I have an instructor. I also like to read. Why wouldn't I want a good WC/WT book to pick up now and then? That was my stated aim.

Also, maybe a more nuanced questions would be what are the best books readily available and that would not cost me an arm / leg / first born child to buy?


----------



## geezer (Aug 7, 2014)

PiedmontChun said:


> Then why chime in on a post asking other's opinions about WC books?
> 
> I have an instructor. I also like to read. Why wouldn't I want a good WC/WT book to pick up now and then? That was my stated aim.
> 
> Also, maybe a more nuanced questions would be what are the best books readily available and that would not cost me an arm / leg / first born child to buy?

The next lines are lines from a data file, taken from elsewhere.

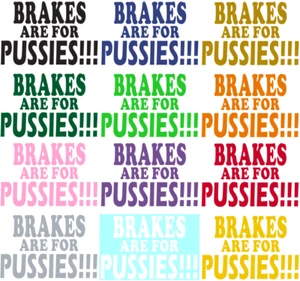 BRAKES ARE FOR PUSSIES!!! ~ DECAL / STICKER - Picture 1 of 13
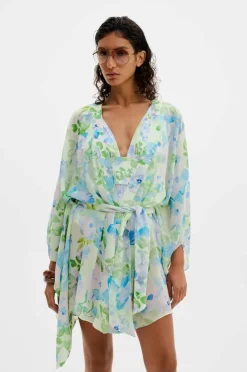 By Malina Kaftan Ace Tie Front Mini Kaftan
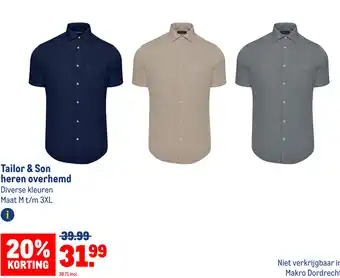 Makro Tailor & Son heren overhemd aanbieding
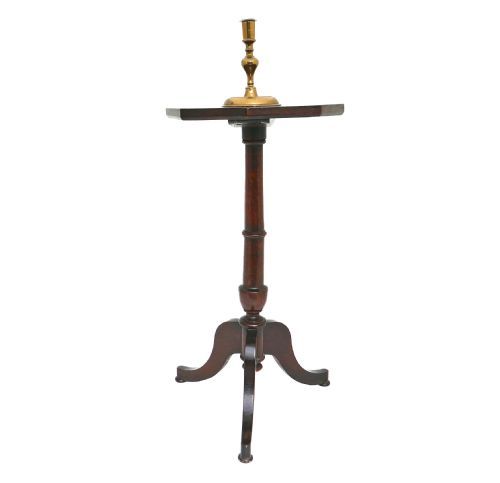 antique oak country furniture 18thc small candlestand with shaped legs english c177080 - CATEGORY: ANTIQUE FURNITURE - DATED 18TH CENTURY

Since you train in WT, you might as well collect LT's little paperbacks of the forms and Chi-sau sections. Yes, they are self-promoting, yes they are kind of tacky, and yes, in some cases certain details are deliberately ommitted. On the other hand, they do have a lot of stuff that anybody coming from an LT WT background  should know.

On the other hand, if you are looking for a really classy, all-encompassing book that does justice to all lineages ...well that book ain't been writ and, most likely, never will be.


----------



## OzPaul (Aug 7, 2014)

In no particular order, Roots and Branches of Wing Tsun by Leung Ting is a great book, David Peterson's Look beyond the pointing finger is another enjoyable read and insight into WSL, Wayne Benoloha's Wing Chun compendium 1 & 2 has a lot of information and good up to date images. I have a few others from William Cheung, Randy Williams, Robert Chu etc.  However the ones listed are my pick of the bunch.


----------



## KPM (Aug 8, 2014)

OzPaul said:


> In no particular order, Roots and Branches of Wing Tsun by Leung Ting is a great book,.



Just a caution...this one contains a lot of inaccurate information.


----------



## Kwan Sau (Aug 8, 2014)

KPM said:


> Just a caution...this one contains a lot of inaccurate information.



Care to share an example KPM? Was thinking of buying this book but now am interested to hear your thoughts on it. Thx.


----------



## KPM (Aug 8, 2014)

Kwan Sau said:


> Care to share an example KPM? Was thinking of buying this book but now am interested to hear your thoughts on it. Thx.



I haven't looked at it in a long time.  I'd have to thumb through it to refresh my memory.  I do remember it had a lot of inaccurate info about Yuen Kay Shan.  If you are interested in history get "Complete Wing Chun" by Robert Chu and Rene Ritchie.  It also has its flaws, but much better than "Roots & Branches."


----------



## PiedmontChun (Aug 8, 2014)

Thanks for all the responses. The Leung Ting books on the forms and chi sao do interest me so even a modest reccomendation from another LT lineage person sounds promising.


----------



## yak sao (Aug 8, 2014)

geezer said:


> if you are looking for a really classy, all-encompassing book that does justice to all lineages ...well that book ain't been writ and, most likely, never will be.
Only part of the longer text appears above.